Mais, vous le savez, je ne crois pas à la génération spontanée. Pour cela, il faut une politique volontariste de tous les responsables si l'on veut passer, comme cela reste notre objectif à long terme, du rythme de 12.000 emplois à un rythme de 30.000 emplois créés par an.

Pour ce faire, je souhaite accompagner et soutenir les initiatives des collectivités, du secteur associatif et des professionnels privés qui peuvent, au travers de nouvelles activités originales et attractives, générer de nouvelles ressources et surtout de nouveaux emplois.

Ma démarche a été de favoriser la mise en uvre du plan emploi-jeunes.
Il a engendré à ce jour, la signature de 1.413 conventions et la création de 1.640 emplois, ce qui représente environ 5 % des embauches, tous secteurs confondus.

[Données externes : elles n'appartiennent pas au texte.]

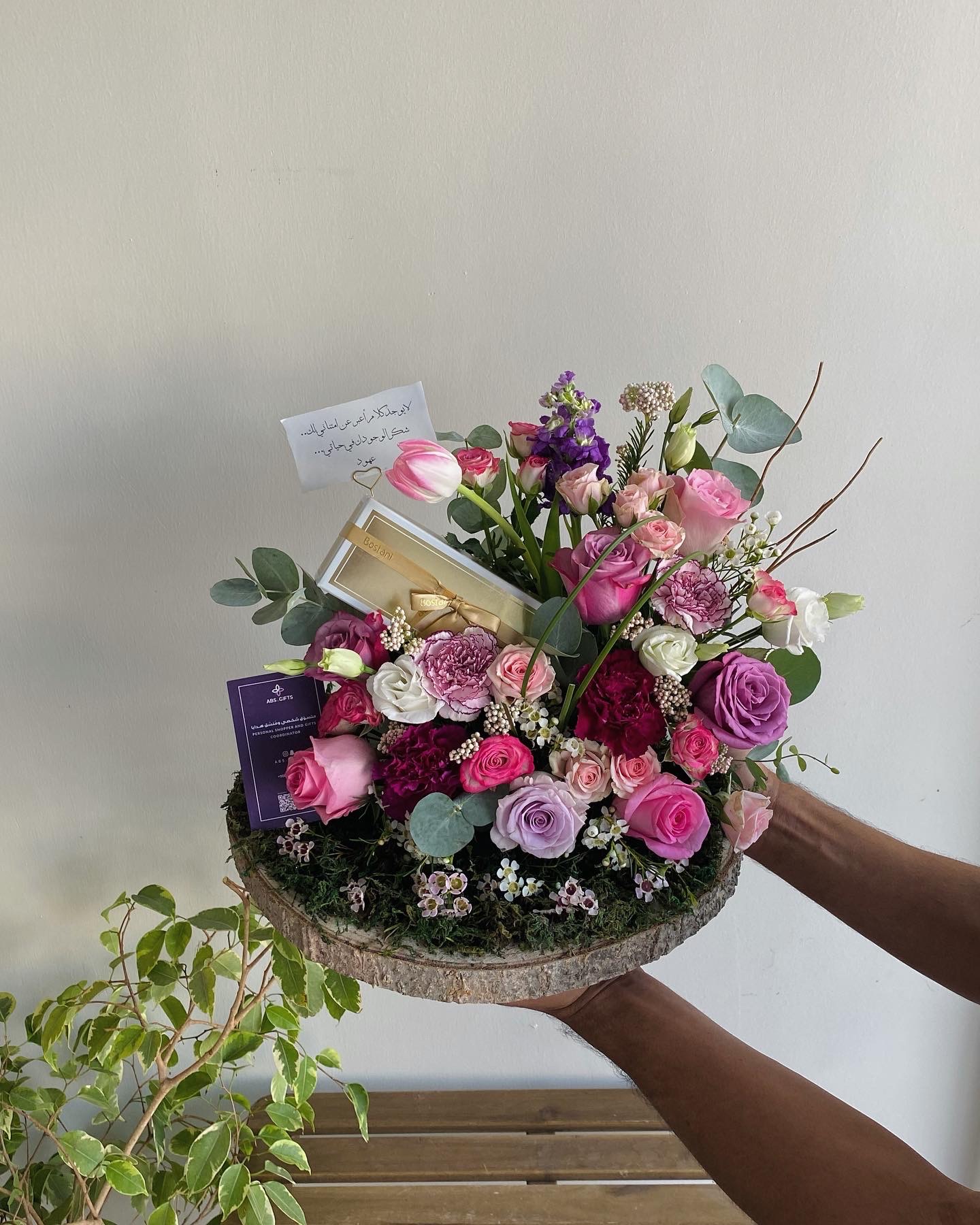 Bouquet of roses with chocolate1 view 4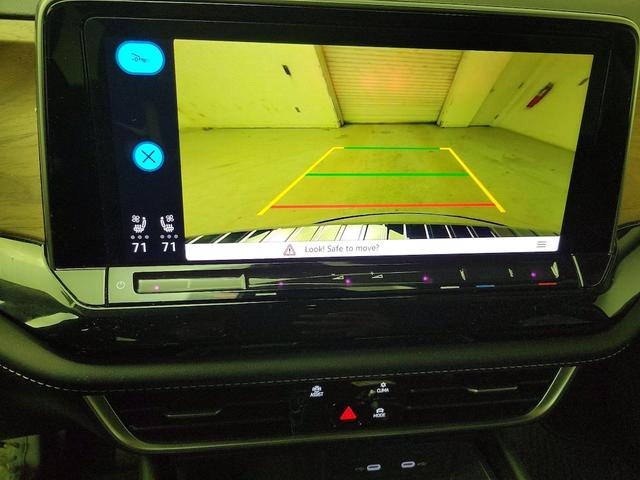 Photo of 2024 Gray Volkswagen Atlas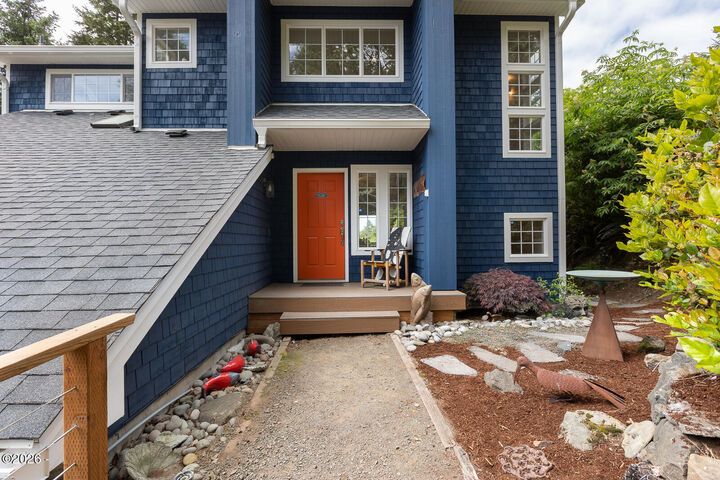 Property Photo:  4920 Hilltop Lane  OR 97149 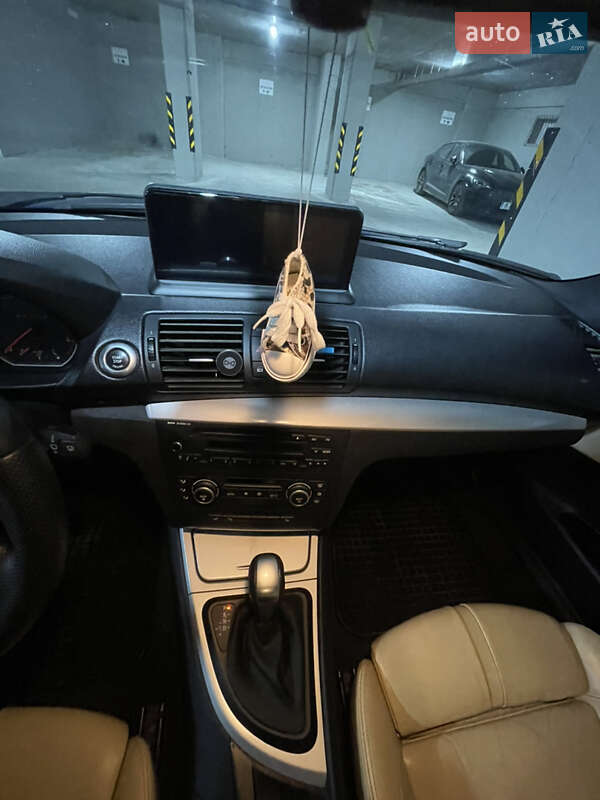 Купе BMW 1 Series 2008 в Ізмаїлі фото 3 Купе BMW 1 Series 2008 в Ізмаїлі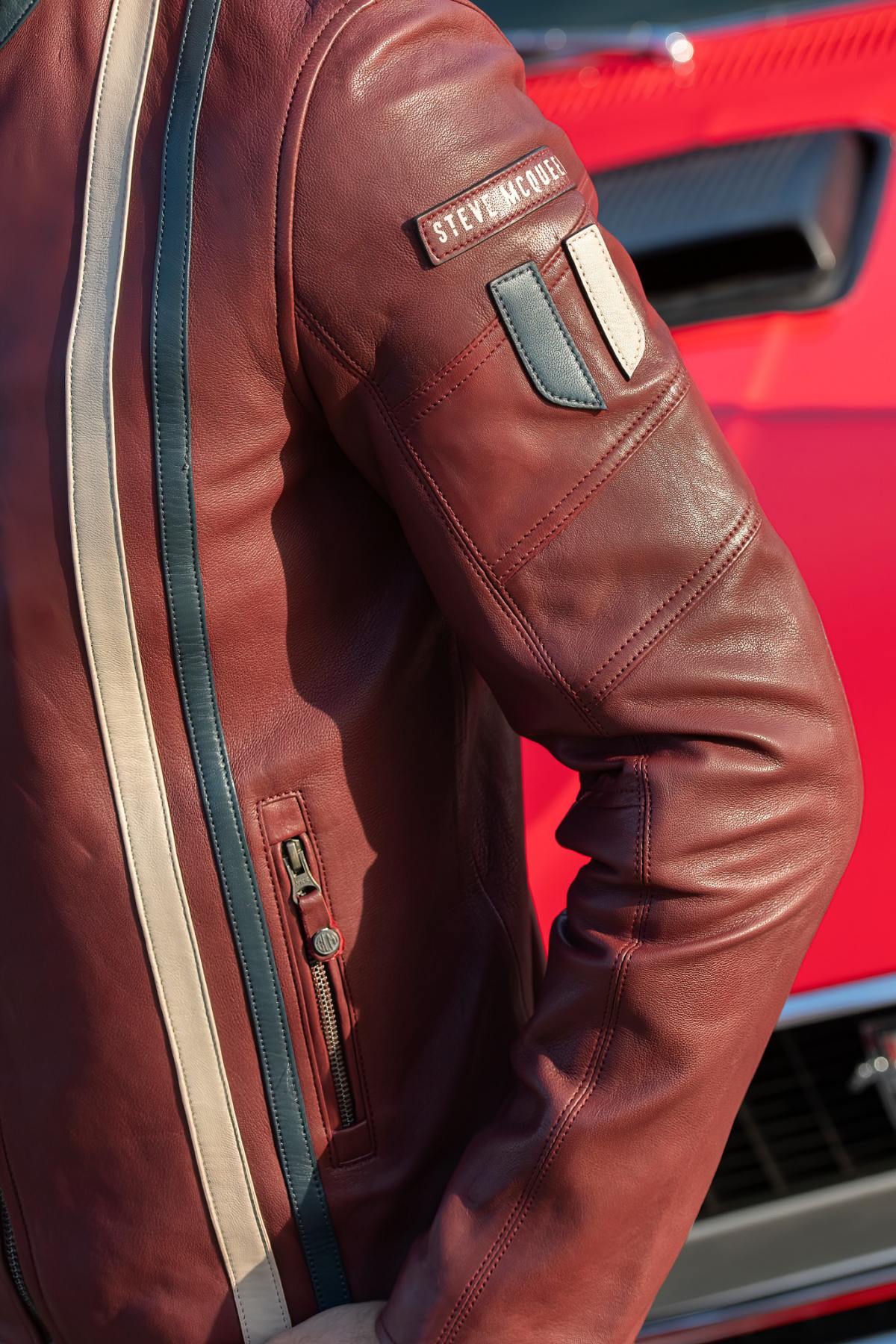 Steve McQueen red leather jacket 1971 - Image n°2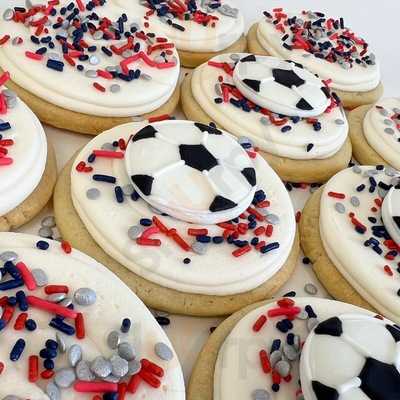 Alley's Cakes & Pies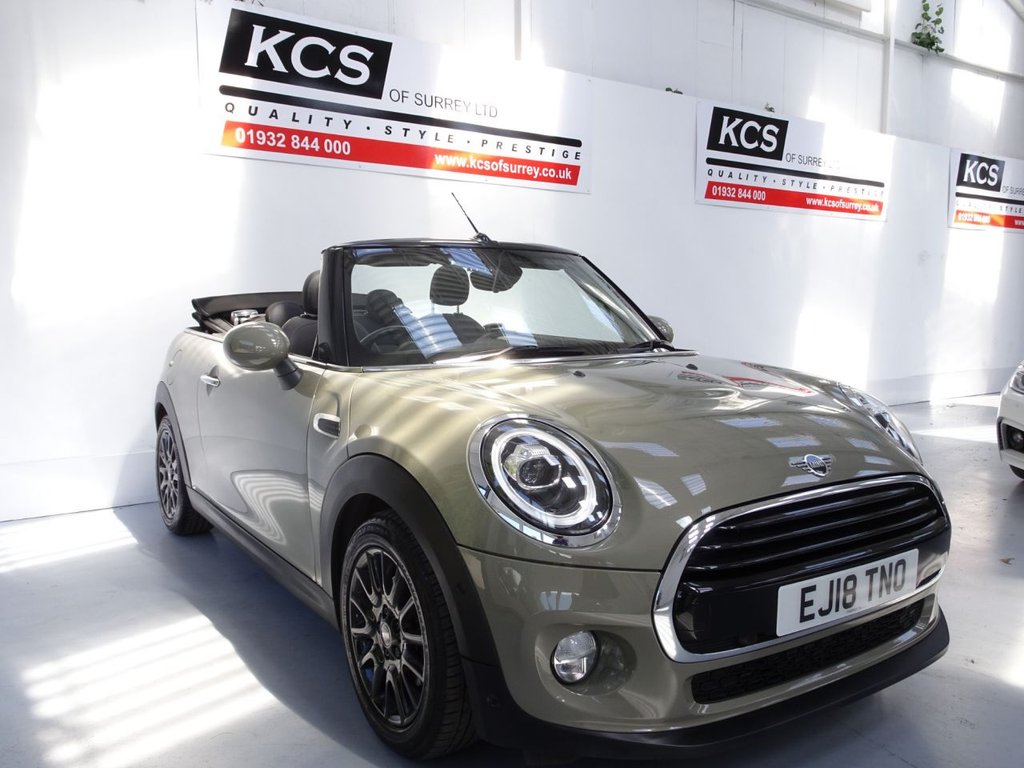 View our MINI CONVERTIBLE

Ces emplois qui répondent à un réel besoin, produisent d'ores et déjà de nombreux effets positifs sur l'activité économique et sociale touristique.

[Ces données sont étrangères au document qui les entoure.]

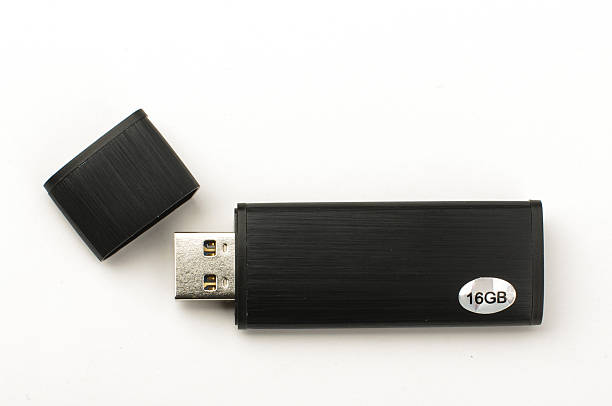 alluminio nero flash drive con coperchio aperto isolato - eeprom foto e immagini stock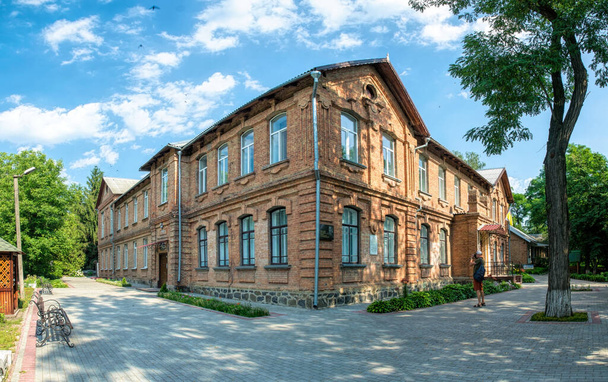 Pavlysh, Ukrajna - július 10 2021: Tégla homlokzata egy régi épület egy vidéki iskola Pavlysh falu, Ukrajna. A híres tanár, Vasyl Sukhomlynsky iskolája. Építészet szecessziós stílusban - Fotó, kép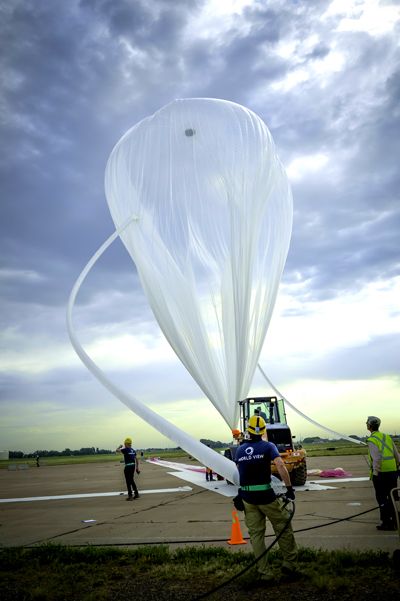 The World View team fills the high-altitude balloon_BLOG
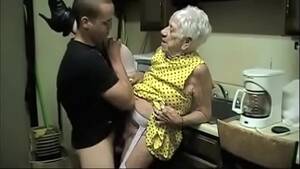 grandma kitchen - GRANNY IN KITCHEN - XVIDEOS.COM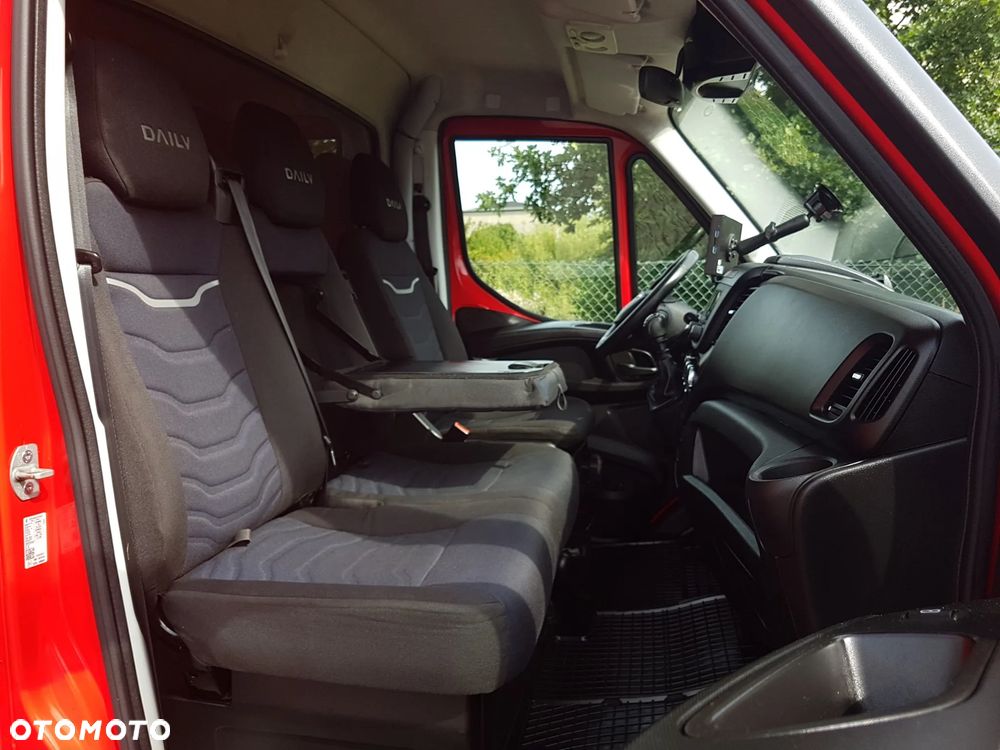 Iveco 50C18 DAILY 12EP PLANDEKA FIRANKA 5,11x2,45x2,35 SPANIE 3500 KG SKRZYNIA ŁADUNKOWA PAKA KLIMATRONIK TEMPOMAT OGRZEWANIE POSTOJOWE - 23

Plus généralement cela implique de lutter contre la précarité et de faire face, par la formation professionnelle, au défi de la qualité.

De vastes chantiers ont été ouverts au cours de cette année pour améliorer la situation.

La précarité est un handicap pour la qualité de nos prestations touristiques. Il est urgent d'y apporter des solutions concrètes. Il me semble que les pistes de la pluriactivité, de la création d'activités en basse saison, du contrat de travail multi-employeurs ont jusqu'ici été insuffisamment explorées.

Pour les étudier, et contribuer à la recherche et à la mise en uvre de solutions adaptées, j'ai chargé Monsieur Anicet LEPORS, ancien Ministre et Conseiller d'État, d'une mission d'expertise et de conseil sur la situation des saisonniers.

Enfin, je ne vous rappellerai pas toutes les collaborations qui existent entre mon ministère et les instances chargées de l'aménagement du territoire, au niveau national comme au niveau local. Celles-ci sont permanentes.

En conclusion, je pense que le rôle du Tourisme dans l'Aménagement du Territoire de notre territoire est appelé à s'accroître. La ressource de développement et d'emplois qui peut en être tirée est aujourd'hui identifiée par des acteurs de plus en plus nombreux.

Il ne faut pas se bercer d'illusions sur les difficultés de tous ordres que ne manquerait pas de provoquer une approche trop simpliste ou trop naïve du domaine. Erreurs économiques, perte de maîtrise, gaspillages de ressources et de moyens, sanctionneront les initiatives mal conçues.

Mais n'oublions pas non plus que le tourisme, pour ceux qui sauront en domestiquer les dynamiques, constitue une des vraies ressources du développement du 21ème siècle, il nous appartient de relever ensemble le défi que constitue l'Aménagement harmonieux et durable du territoire touristique national.

Je voulais, au début de ce colloque, vous assurer que le Gouvernement entend bien relever ce défi avec tous les acteurs qui s'impliquent pour valoriser nos atouts touristiques dans chaque ville et village de France.

Je vous remercie de votre attention.